Quantum computing marks a dramatic turning point for all of humanity. With the advent of the quantum computer, the rules of the game will be altered and a new standard of speed will be set, where calculations and developments that would have taken thousands of years on a regular computer will only take days, minutes, or even seconds, making it possible to solve calculations that have previously been impossible, thereby revolutionizing the world. A wide range of industries will be greatly impacted by these capabilities, for example improving and speeding up financial calculations like option pricing, portfolio and asset optimization, accelerating the development of new drugs or materials with molecule simulations, and optimizing complex production processes (including a significant impact on processes that reduce emissions and save energy). As in the 1970s, when the development of the internet and iPhones could not be anticipated, the human imagination is incapable of understanding the magnitude of quantum computing's revolution.
The recognition of the significant value of quantum computing does not skip any sector. Tech giants like Google, Microsoft, and Amazon are already developing applications for quantum computers, while organizations in the automotive, financial, pharmaceutical, and energy sectors have already begun training their workers. Additionally, academia is moving forward with research or curriculum launches in universities worldwide, in hopes that the quantum computing industry's growing demand will affect academic choices for the next generation of engineers.

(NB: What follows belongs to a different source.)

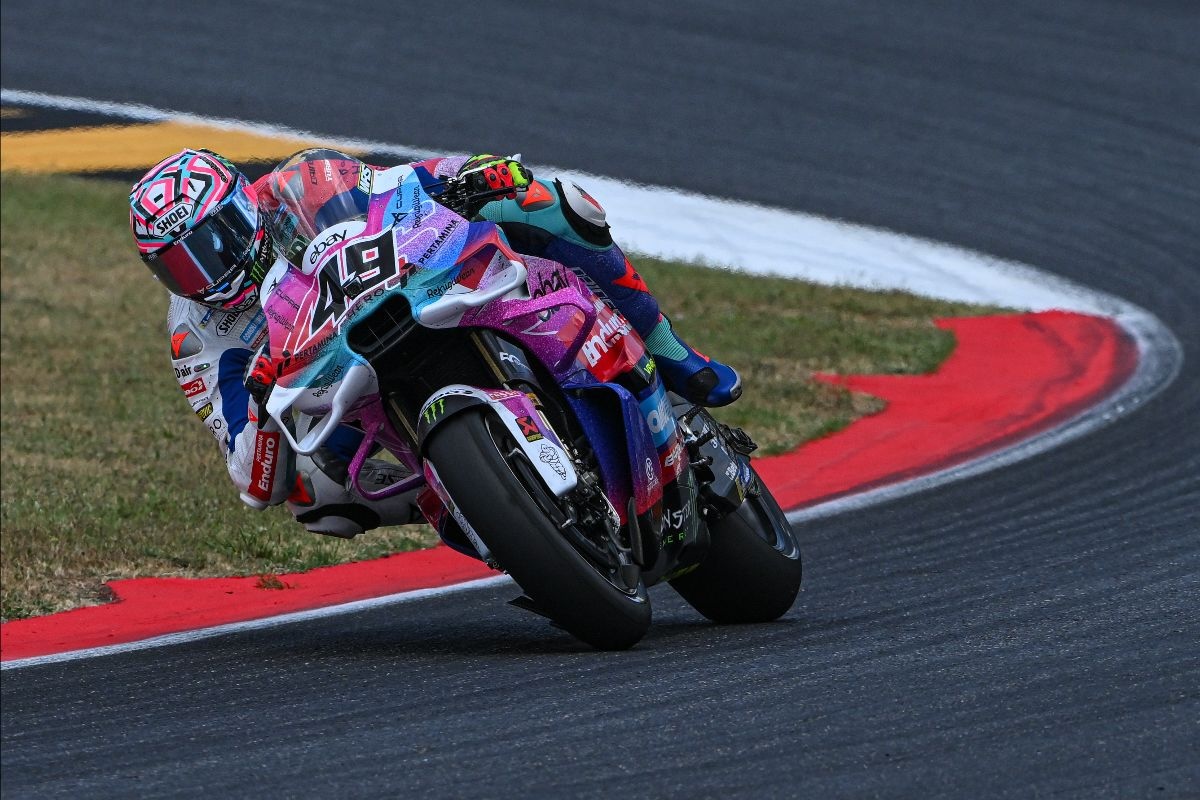 MotoGP Sports Entertainment Group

However, this exciting vision may encounter a bottleneck. While the technology continues to be perfected, there are only a few hundred quantum algorithm experts worldwide capable of developing quantum software. McKinsey's study estimates that around half of quantum positions will go unfilled without a policy change by 2025. There are lessons we can learn from artificial intelligence (AI). Although AI has already reached the mainstream in every industry, experts are still in short supply.
However, this is precisely where the opportunity also lies, as Israel's relative expertise could bring it to the front of world efforts and enable a variety of sectors and people to participate in the revolution. In order to achieve its potential, Israel must establish a concrete goal and take various measures to achieve it. In Japan, for example, they set a goal of training no less than ten million software developers for quantum computers by 2030; setting a similar goal on a local scale and allocating dedicated budgets will facilitate the expansion of the academic curricula devoted to the subject. Furthermore, implementing quantum computing will create a new generation of quantum developers.
It is important that the private sector also gets involved and doesn't miss the train. In order to leverage the quantum technology breakthrough, both high-tech and other industries should mobilize. The world of quantum computing may sound threatening even to a full-fledged software developer, but continued exposure and accessibility to the field will help recruit more experts in the long term.
It is like any technological revolution, those who can board the train when it is accelerating will gain an advantage. Maintaining Israel's global status as a "Startup Nation" also requires being a leading and significant player in this field.
Nir Minerbi is the Co-Founder and CEO of Classiq Technologies. He is taking part in Calcalist's Innovation week being held between January 9-11.